GWはトラブルあり山歩きどころかまともにお出かけすら出来ませんでしたが、落ち着いたところで5月17日(日)に千葉の幕張で開催されたレッドブル・エアレースを観戦して参りました。
ので、来年以降観に行きたいっ! という人のためにレポート書きます。

エアレースとはなんぞや?という方は、面倒くさいので色々ググってみてください。(雑)
要はレッドブルが開催しているレシプロ単発機による、低空飛行パイロンコースのタイムレースです。ゼロ戦みたいなプロペラ飛行機が低空をブンブンと飛ぶレースで、「危なくないのか!?」と思うようなレッドブルらしい過激なスポーツなんです。正式には、「Red Bull Air Race World Championship」という名称で、世界で8戦行う世界大会ってことになります。

このレースは自分は2010年頃に、「面白いTV番組ねーかなー」とローカル局までチャンネル検索した際に、たまたまテレビ神奈川でやっていたのを見て、「なんじゃこのレースは???」と思ったのがきっかけ。当時にしては選手紹介などの演出も妙に凝っていて、腕組みした選手の周りをカメラがグルっと回る謎演出などやってました。しかもエアレースの選手は元空軍パイロットなど、経験がモノを言う競技のためか40~50歳代の選手が中心。いい歳こいた白髪髭面のオッサンどもが、今風の演出で選手紹介されるのがまたなんともカッコイイ。そんなこんなで競技の過激さ、演出の面白さで当時は見入ってた記憶があります。と同時に、「こんな危ない競技、絶対日本ではやらせてもらえないな~」と、生で見る機会など訪れることはないと思っていました。それだけに千葉・幕張で開催されると知った時、「絶対行く!!」とチケット購入に走った次第です。
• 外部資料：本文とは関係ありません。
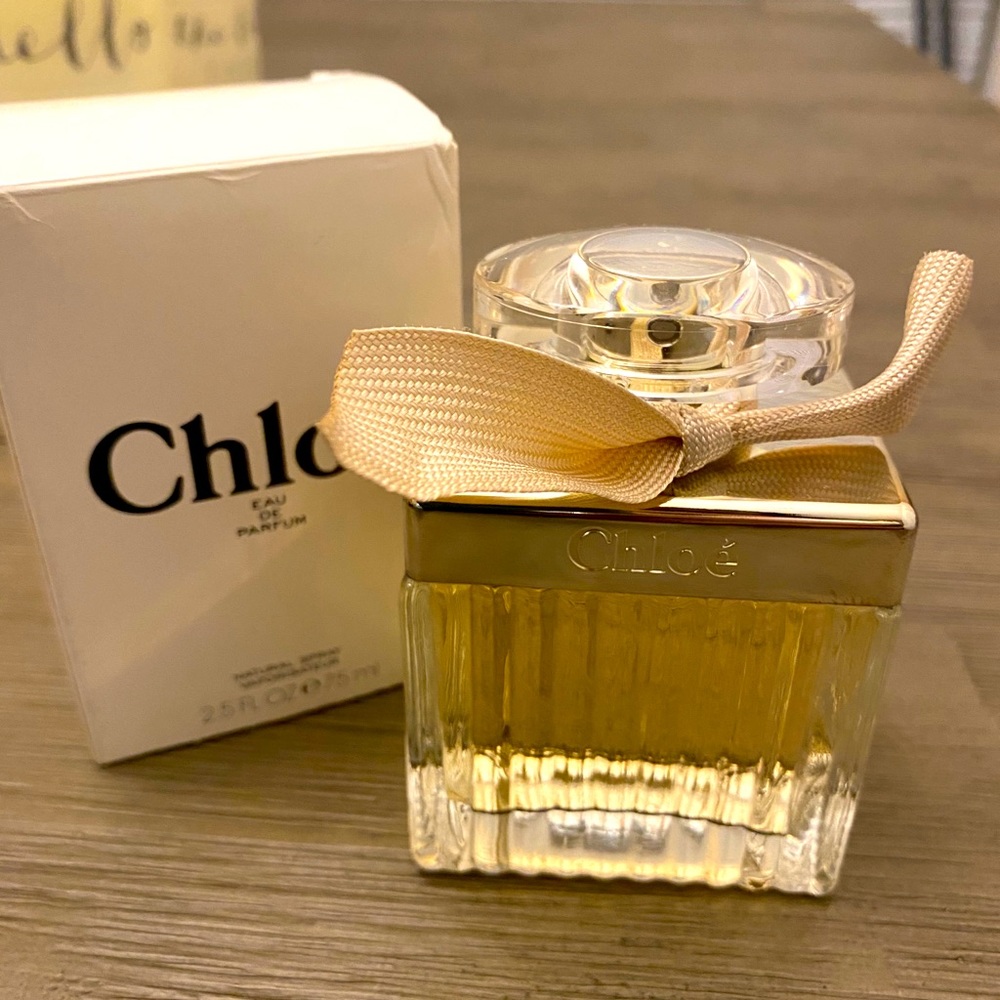 Chloe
と、いつものように前置き(?)が長くなりましたが、私がチケット購入したのは3月ごろ。既に先行発売は終わっていましたが、まだまだ各エリアのチケットはたくさん余っている状態でした。お値段はちょっと高いと感じますが、次もやるか分からないのでケチらず決勝Aエリアを確保。
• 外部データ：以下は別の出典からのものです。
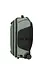 Сумка-Рюкзак На Колесах Samsonite ECODIVER LIGHT SAGE 55х40х25 KH7*34012 - мініатюра 7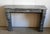 Frame Fireplace in Gray Marble from Befos For Sale - Image 16 of 16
決勝当日は、まー天気予報通りクッソ暑い晴れ。Aエリアのゲートには開門時間過ぎを狙い10時半頃に到着しましたが、先行発売と2日券の人の優先入場が終わっておらず、1日券組は入場待ちで長蛇の列。これは完全に予想外で、入場までに30分くらい要してしまいました。土曜の予選観戦の方の情報をネットでつぶさに調べていたので、入場後はまず観戦シート(500円)を購入、次にフードコートで食べ物を確保。この時間は比較的10~15名くらいの待ち行列で買うことができました。そこからは砂浜に出て、Aエリアの浦安寄りにずーっと歩きました。Aエリアはかなり広いエリアなので、一番千葉寄りがシケインとシングルパイロンの間あたり、一番浦安寄りが第4ゲートの横あたり。事前情報によると浦安寄りの方がいくぶん人が少なめで、かつ大型スクリーンが見えるところにいないと何をやっているのか分からないとの話も出ていたので、浦安寄りの第4ゲートの前、右手にほどよい距離にスクリーンが見えるところを確保。スクリーンに近すぎると、スピーカーの音に耳がやられそうな気がしたので、少し距離を置きましたが、これが正解でした。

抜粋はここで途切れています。